A little over a year ago, the President overcame the fierce lobbying of the financial industry and Republican obstruction and signed into law Wall Street Reform, which included the strongest consumer protections in history, critical reforms to rein in Wall Street and protections against another financial crisis. But as he said at the time, the promise of this legislation would only be realized if we implemented the law in a way that truly reformed our financial system, making sure that banks are competing based on the service they provide to consumers, not on the hidden fees they can charge or the non-transparent practices they can get away with.
Today, the Senate Banking Committee will take a vote that is critical to implementing this law so that it fully protects consumers from hidden fees and abusive practices: the committee is scheduled to vote on the nomination of Richard Cordray to become the Director of the Consumer Financial Protection Bureau (CFPB). The CFPB was created as part of Wall Street reform to enforce consumer protections.
Today’s vote, and the subsequent vote by the full Senate to confirm Richard Cordray, is so important because without a director the CFPB is hamstrung in its ability to protect consumers. Without a director, the CFPB will be unable to ensure that banks, debt collectors, private student loan providers and payday loan providers are properly supervised and that consumers are not put at risk of falling prey to the same kinds of abusive practices that helped cause the worst financial crisis since the Great Depression.
But despite these important protections, Senate Republicans have pledged to oppose this nomination, choosing to support special interests at the expense of consumers. This move is just the latest in a string of efforts by Congressional Republicans to defund, delay and dismantle President Obama’s Wall Street Reform law.

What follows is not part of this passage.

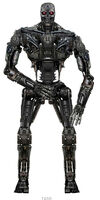 T-600 Endoskeleton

Republicans on the Committee have admitted that their opposition has nothing to do with Cordray’s credentials. He is the former Attorney General and Treasurer of Ohio with a solid track record of cracking down on companies that break the rules while supporting companies that play by them. Throughout his career, Cordray has tackled problems by partnering with others – regardless of party affiliation or ideology – to craft pragmatic and sensible solutions. He addressed Ohio’s foreclosure crisis head-on with his “Save Our Homes” initiative working with bankers, businesses, nonprofits, and government officials to help responsible homeowners stay in their homes. And he has been endorsed by elected officials on both sides of the aisle, consumer advocates and business leaders alike and editorial boards across the country. Despite his record as a pragmatic problem solver, Senate Republicans are opposing his nomination, standing with the financial industry and against the veterans, homeowners and middle class families that the CFPB is charged with protecting.
We can’t afford to go back to a system where consumers were put at risk by those who gamed the system, and our whole economy was vulnerable to a massive financial crisis. That’s why reform matters. That’s why the CFPB matters. And President Obama will fight efforts to repeal or undermine these important changes. It’s time for Richard Cordray to be confirmed so that the CFPB can do its job and fully protect consumers.